Por supuesto, mi obra tardó en consumarse, por lo que me enteré del primer suicidio luego del año y medio, mientras hacía el amor con una colega. El mensaje en el contestador lo había dejado el hermano de la bella... Luego, cuando la voz triste y eléctrica del tipo se apagó, Dioniso se apoderó de mí con una fuerza arrolladora y nueva. “¡Esa mujer ya no sufrirá y no hará sufrir a los demás!”, pensé lleno de júbilo. Y luego continué penetrando a esa mujer (¿la que estaba conmigo o la que había muerto?) de modo tan pagano que, y esto lo pude notar después, ella me miraba entre aterrada y agradecida.
Al año siguiente se ahogó el paciente que venía los miércoles a las 16 hs. Estoy seguro de que fue por decisión propia. Yo estaba exultante, ¡sin duda el escultor manejaba los cinceles a la perfección!
Pero, debo admitirlo, la confabulación no ha terminado. Acaso porque la existencia es esto: un constante flujo de torturas sutiles. Será por eso que trato de no salir. Cuando lo hago, mis encuentros con los otros no sólo siguen ocurriendo, sino que se han multiplicado. Es difícil de entender; es como si nada de lo que hago obtuviera un resultado, como si mi condición de artista no fuera la salvación.

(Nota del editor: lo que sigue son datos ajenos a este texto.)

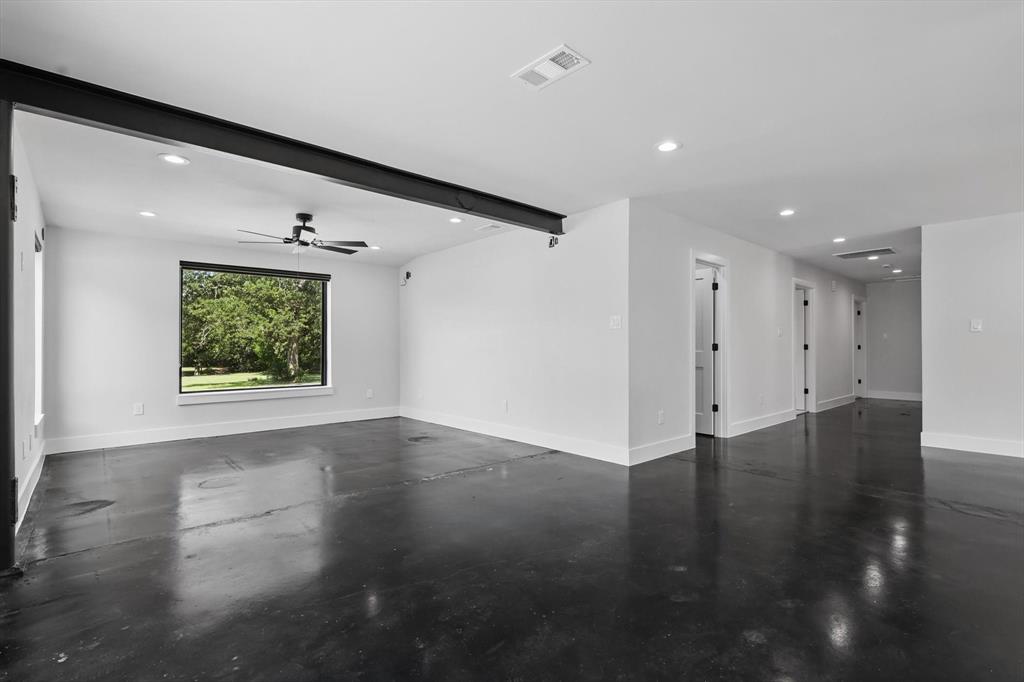 1189 West Jeter Road Bartonville, TX 76226 - Photo 27 of 40 a view of an empty room with wooden floor and a window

En estos meses he visto a varios pacientes, ex pacientes, y, además, me he encontrado con muchos colegas de la Fundación, que me sonríen, me preguntan cómo ando, con esa falsedad que no soporto, típica de los cobardes.
Me encantaría gritarles en sus caras que soy un escultor, que ese es mi verdadero ser, y que no necesito esta vez títulos ni posgrados.
Pero, por suerte, la vida también está hecha de pequeños manjares, tan cotidianos que a veces uno no los degusta. Ella me da suculentos tragos de felicidad, momentáneos, exquisitos. Y yo trato de que la copa no se acabe rápido, de que el elixir que bebo mientras esculpo la psiquis de los pacientes que se han atrevido a cruzarse conmigo más allá del consultorio se estacione en mi boca. Para saborearlo, paladearlo como un buen vino, lo suficiente como para enterarme, si los dioses son benévolos y se acuerdan de mí, del próximo suicidio.




© Gustavo Di Pace en Mi yo multiplicado, Alción Editora, 2011.